To convince you of this, I’ll try to show how each of the following list of features, in isolation, is good for your productivity. Then it should follow that each one you work without will be lowering it. Also it’s important to note that leaving in place or producing bugs that must be fixed later, or that create external costs, reduces your real productivity, and “you” in the list below could also mean you six months from now or another developer. The list is not in any particular order, just numbered for reference.

  1. Syntax highlighting saves you from finding and fixing typos after compilation failures. In a language where a script file may be conditionally executed, like PHP, you may leave a bug that will have to be dug up by someone else after costing end users a lot of time. In rarer cases the code may compile but not do what you expected, costing even more time. SH also makes the many contexts available in code (strings, functions, vars, comments, etc.) significantly easier to see when scanning/scrolling.

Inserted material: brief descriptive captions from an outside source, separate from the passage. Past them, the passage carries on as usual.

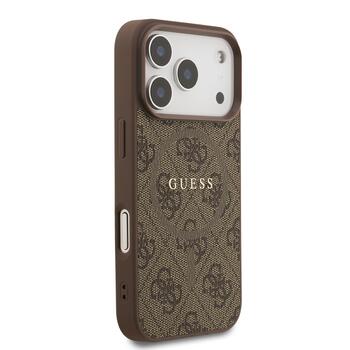 Guess PU Leather 4G Colored Ring MagSafe Case Защитный чехол для iPhone 17 Pro / коричневый (GUHMP17LG4GFRW)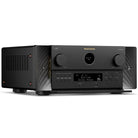 Marantz AV 30 HEOS Reference 11.4-Channel Balanced AV Preamplifier - front view angled right with front panel open revealing display and buttons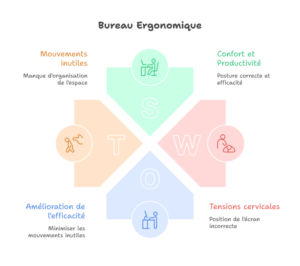 Quels sont les critères d’un bureau ergonomique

  2. Having a background task scan the code can help catch errors that simple syntax highlighting cannot, since most highlighters are designed to expect valid syntax and may not show problems.
  3. Highlighting matching braces/parenthesis eases the writing and reading of code and expressions.

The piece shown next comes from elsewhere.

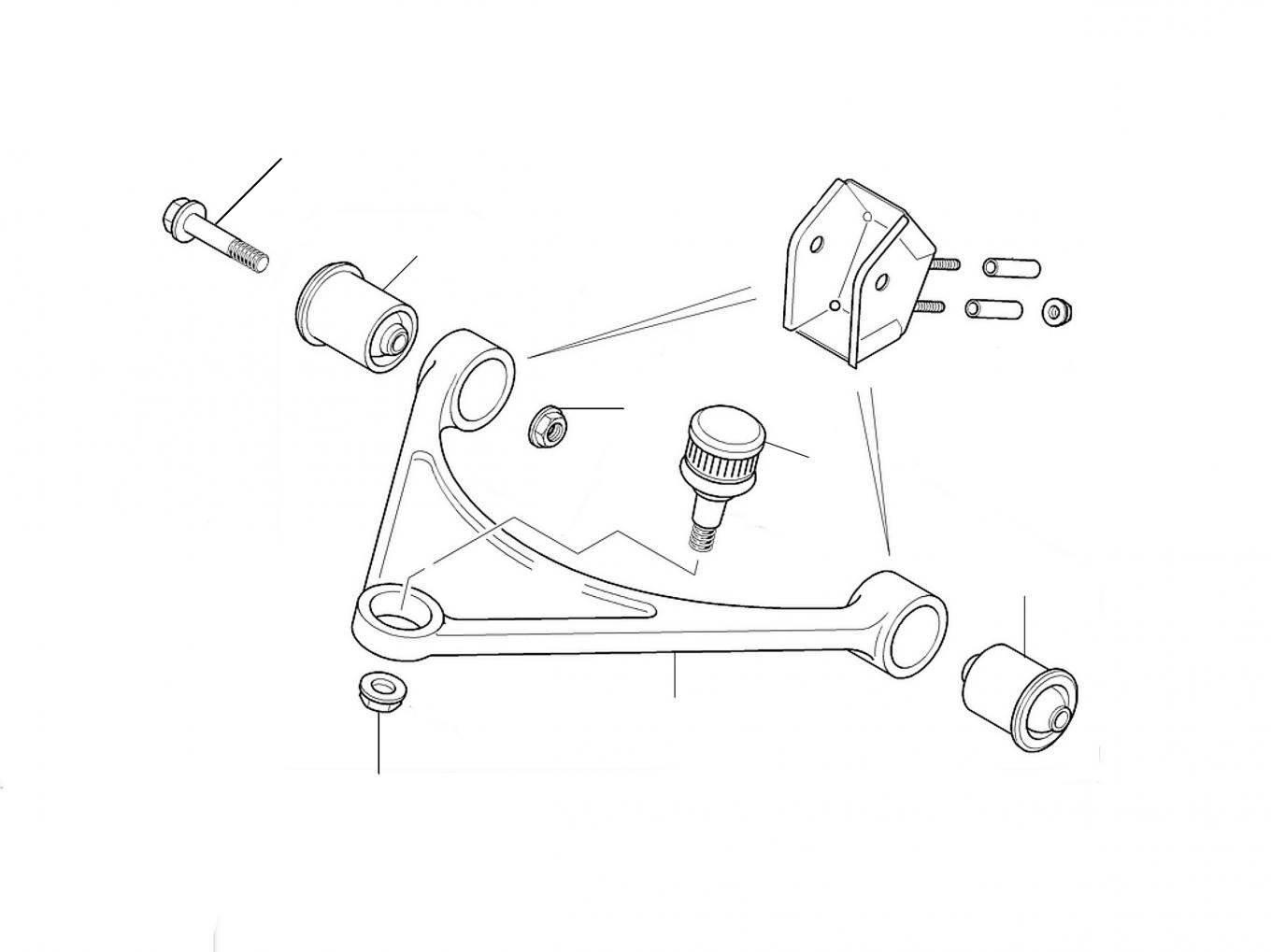 50546 Front Upper Arm - Front Upper Arm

  4. IDEs can show the opening/closing lines of blocks that appear offscreen without you needing to scroll. Although long blocks/function bodies can be a signal to refactor, this can aid you in working on existing code like this.
  5. Highlighting the use of unknown variables/functions/methods can show false positives for problems, but more often signals a bug that’s hidden from sight: E.g. a variable declared above has been removed; the type of a variable is not what is expected; a library upgrade has removed a method, or a piece of code has been transplanted from another context without its dependencies. Missing these problems has a big future cost as these may not always cause compile or even runtime errors.

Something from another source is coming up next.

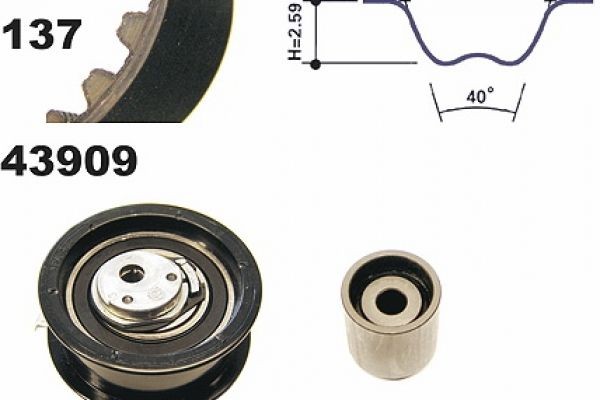 MAPCO 73808: Hammasrihma komplekt Hammastehulk 1: 137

  6. Highlighting an unused variable warns you that it isn’t being used how it was probably intended. It may uncover a logic bug or mean you can safely remove its declaration, preventing you from later having to wonder what it’s for.
  7. Highlighting the violation of type hints saves you from having to find those problems at compile or run-time.
  8. Auto-completing file paths and highlighting unresolvable ones saves you from time-consumingly debugging 404 errors.
  9. Background scanning other files for problems (applying all the above features to unopened project files) allows you to quickly see and fix bugs that you/others left. Simply opening an existing codebase in a more capable IDE can reveal thousands of certain/potential code problems. If you’re responsible for that code, you’ve potentially saved an enormous amount of time: End users hitting bugs, reporting them, you reading, investigating, fixing, typing summaries, etc. etc. etc. This feature is like having a whole team of programmers scouring your codebase for you; a big productivity boost.
  10. Understanding multiple language contexts can help a great deal when you’re forced to work in files with different contexts embedded within each other.
  11. Parameter/documentation tooltips eliminate the need to look up function purpose, signatures, and return types. While you should memorize commonly used functions, a significant amount of programming involves using new/unfamiliar libraries. Leaving your context to look up docs imposes costs in time and concentration. Sometimes that cost yields later benefits, but often you’ve just forgotten the order of a few parameters.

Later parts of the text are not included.